▶ [Your assignment]:
Repeat each entry exactly; omit all pictures.

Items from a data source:

====

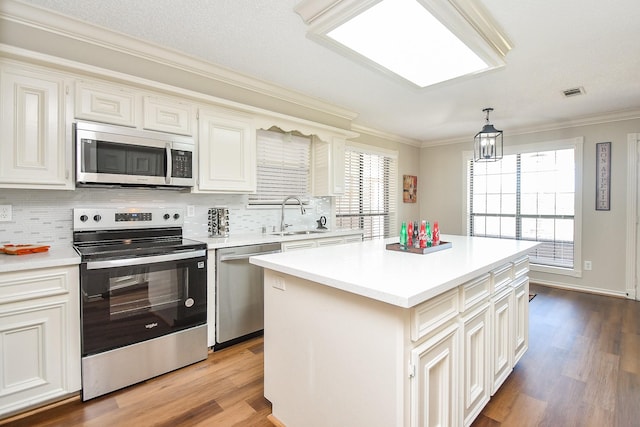 kitchen featuring a sink, light countertops, light wood-type flooring, appliances with stainless steel finishes, and decorative backsplash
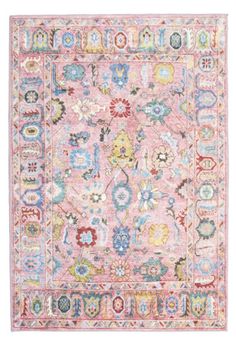 a pink rug with many different colors and designs on the front, along with an ornate border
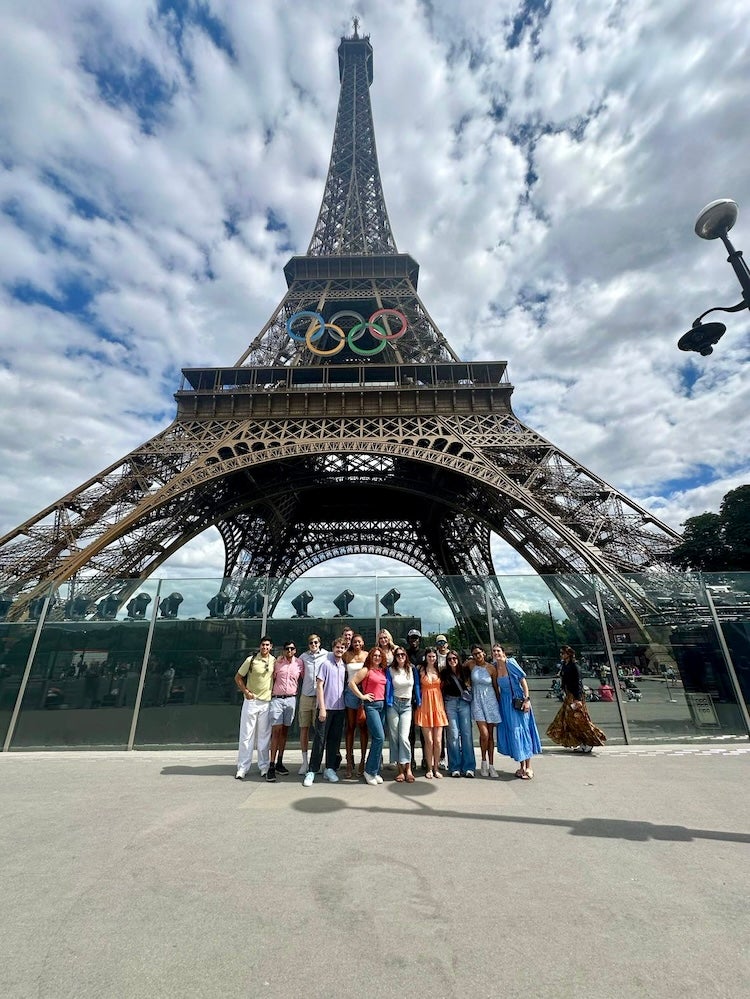 Rice sport management students posing underneath the Eiffel Tower in Paris.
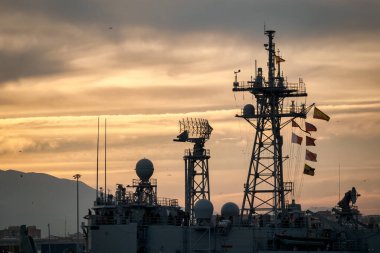 Parabolik uydu antenleri ve karmaşık metal yapılar, gri bulutlu gökyüzüne karşı kurulmuş bir iletişim kulesinin parçası.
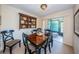 Elegant dining room with traditional decor, a decorative shelf, and access to the patio at 2749 Countryside Blvd # 28, Clearwater, FL 33761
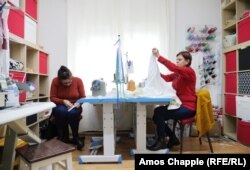 Workers produce ia blouses in Manescu's Breaza business.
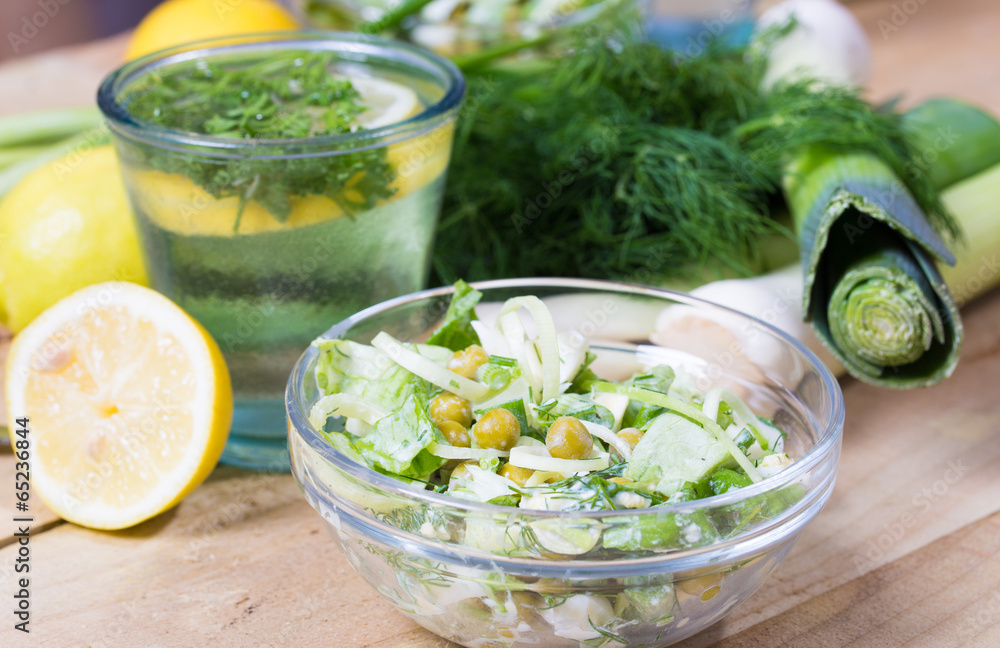 lemonade with parsley and bowl of vegetarian salad lemonade with parsley and bowl of vegetarian salad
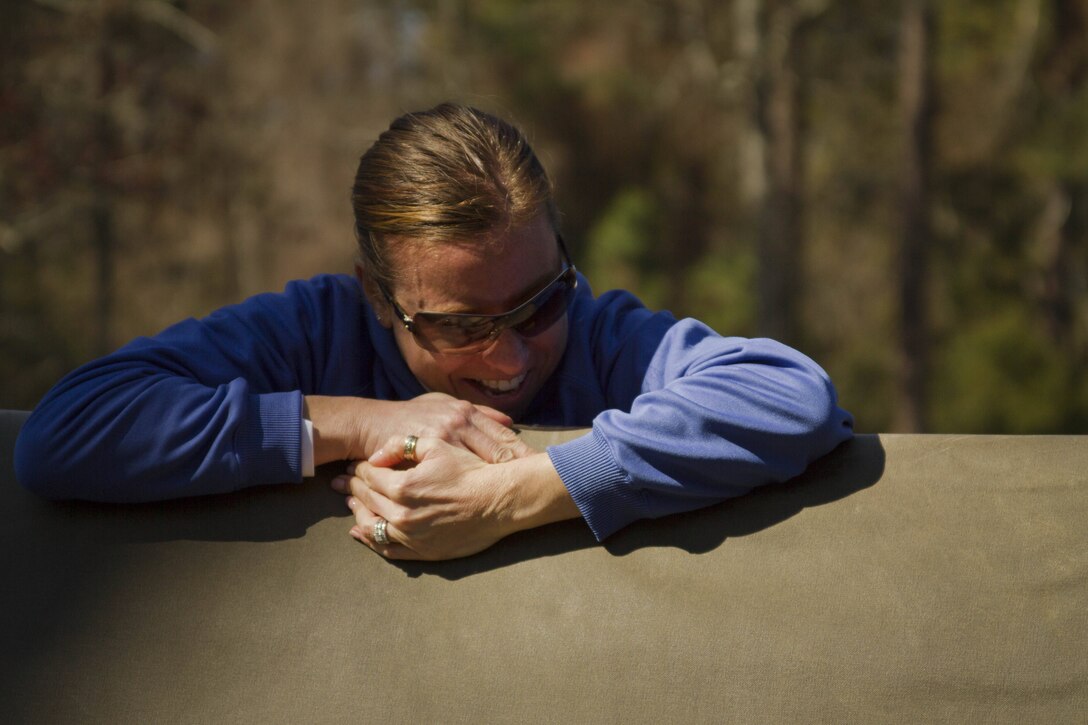 Shelley McGuire, a resource teacher at Eastern Technical High School in Baltimore, Md., negotiates an obstacle on the confidence course during the second day of Recruiting Station Baltimore’s Educators Workshop at Marine Corps Recruit Depot Parris Island, S.C. The Educators Workshop is a four-day event that is intended to offer educators a practical knowledge of the Marine Corps and impress upon them the continual need to recruit highly qualified men and women. (U.S. Marine Corps photo by Sgt. Bryan Nygaard/Released)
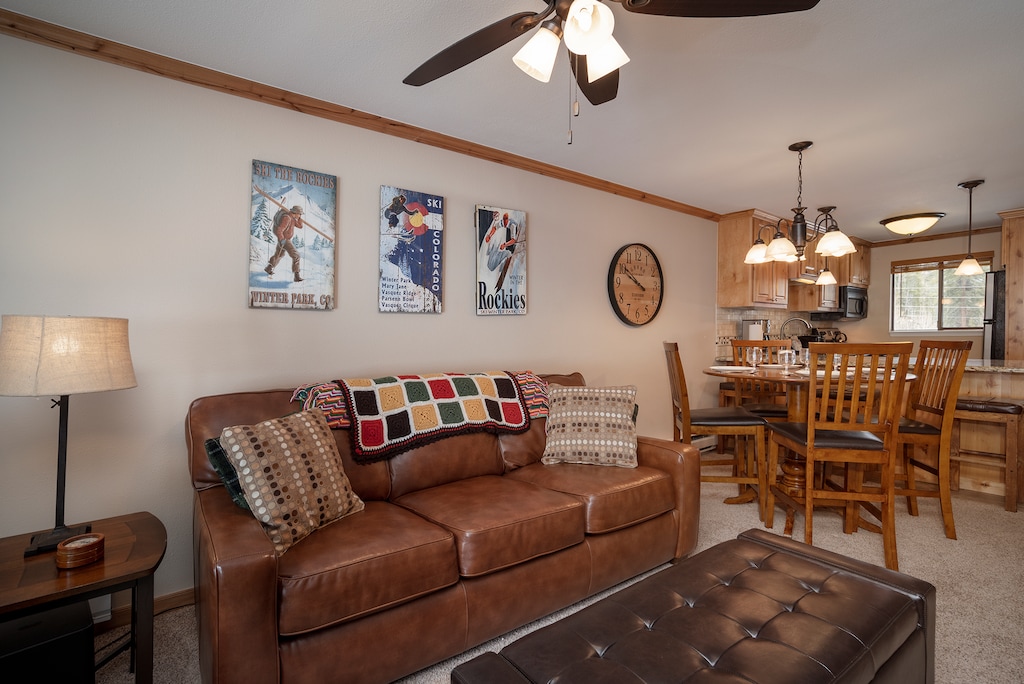 Relax in your cozy mountain retreat featuring a leather sofa, ski-themed artwork, and open kitchen perfect for après-ski meals together.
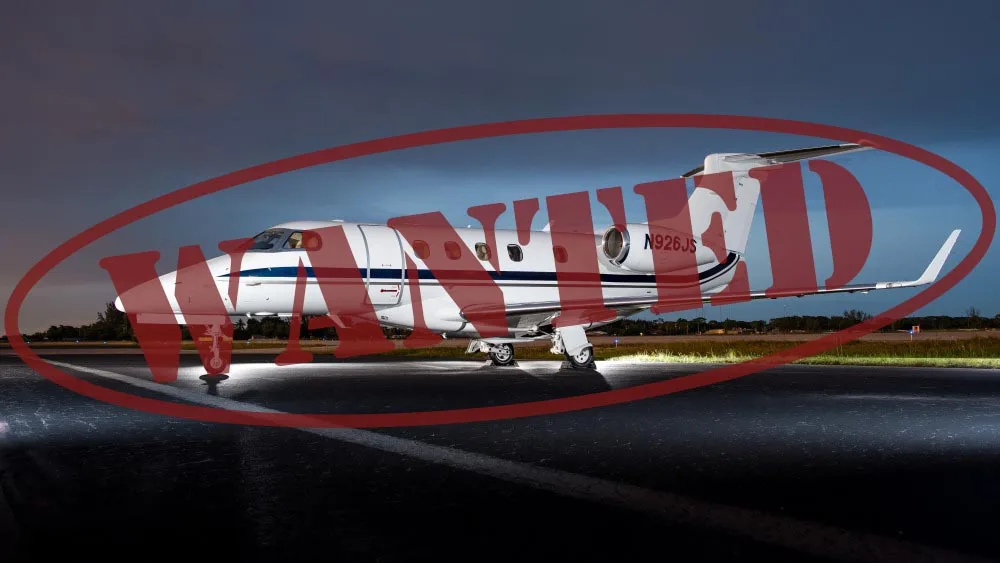 A white business jet with blue stripes, registration N926JS, is parked on a tarmac at night with ground lighting.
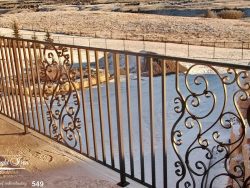 steel-railing-with-scroll-panels calgary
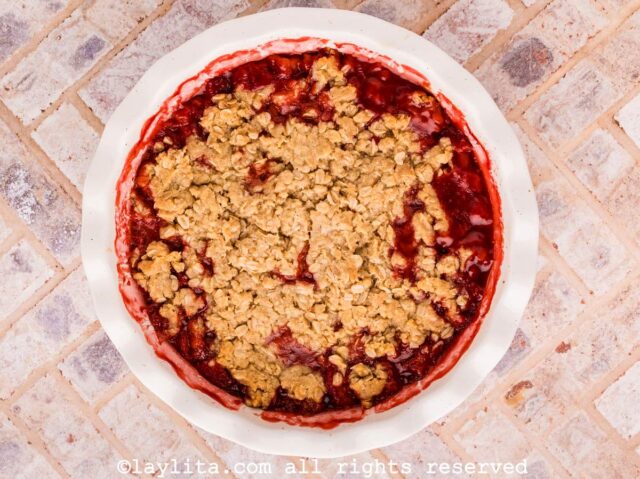 Strawberry crisp in a white pie dish after baking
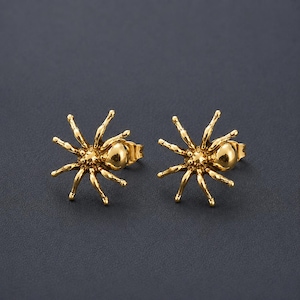 May include: A pair of gold-toned spider-shaped stud earrings. Each earring features a central rounded body with eight radiating legs, showcasing a polished metallic finish and a detailed, textured surface design on the legs and abdomen.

====

▶ [Output of the task]:
 kitchen featuring a sink, light countertops, light wood-type flooring, appliances with stainless steel finishes, and decorative backsplash
 a pink rug with many different colors and designs on the front, along with an ornate border
 Rice sport management students posing underneath the Eiffel Tower in Paris.
 Parabolik uydu antenleri ve karmaşık metal yapılar, gri bulutlu gökyüzüne karşı kurulmuş bir iletişim kulesinin parçası.
 Elegant dining room with traditional decor, a decorative shelf, and access to the patio at 2749 Countryside Blvd # 28, Clearwater, FL 33761
 Workers produce ia blouses in Manescu's Breaza business.
 lemonade with parsley and bowl of vegetarian salad lemonade with parsley and bowl of vegetarian salad
 Shelley McGuire, a resource teacher at Eastern Technical High School in Baltimore, Md., negotiates an obstacle on the confidence course during the second day of Recruiting Station Baltimore’s Educators Workshop at Marine Corps Recruit Depot Parris Island, S.C. The Educators Workshop is a four-day event that is intended to offer educators a practical knowledge of the Marine Corps and impress upon them the continual need to recruit highly qualified men and women. (U.S. Marine Corps photo by Sgt. Bryan Nygaard/Released)
 Relax in your cozy mountain retreat featuring a leather sofa, ski-themed artwork, and open kitchen perfect for après-ski meals together.
 A white business jet with blue stripes, registration N926JS, is parked on a tarmac at night with ground lighting.
 steel-railing-with-scroll-panels calgary
 Strawberry crisp in a white pie dish after baking
 May include: A pair of gold-toned spider-shaped stud earrings. Each earring features a central rounded body with eight radiating legs, showcasing a polished metallic finish and a detailed, textured surface design on the legs and abdomen.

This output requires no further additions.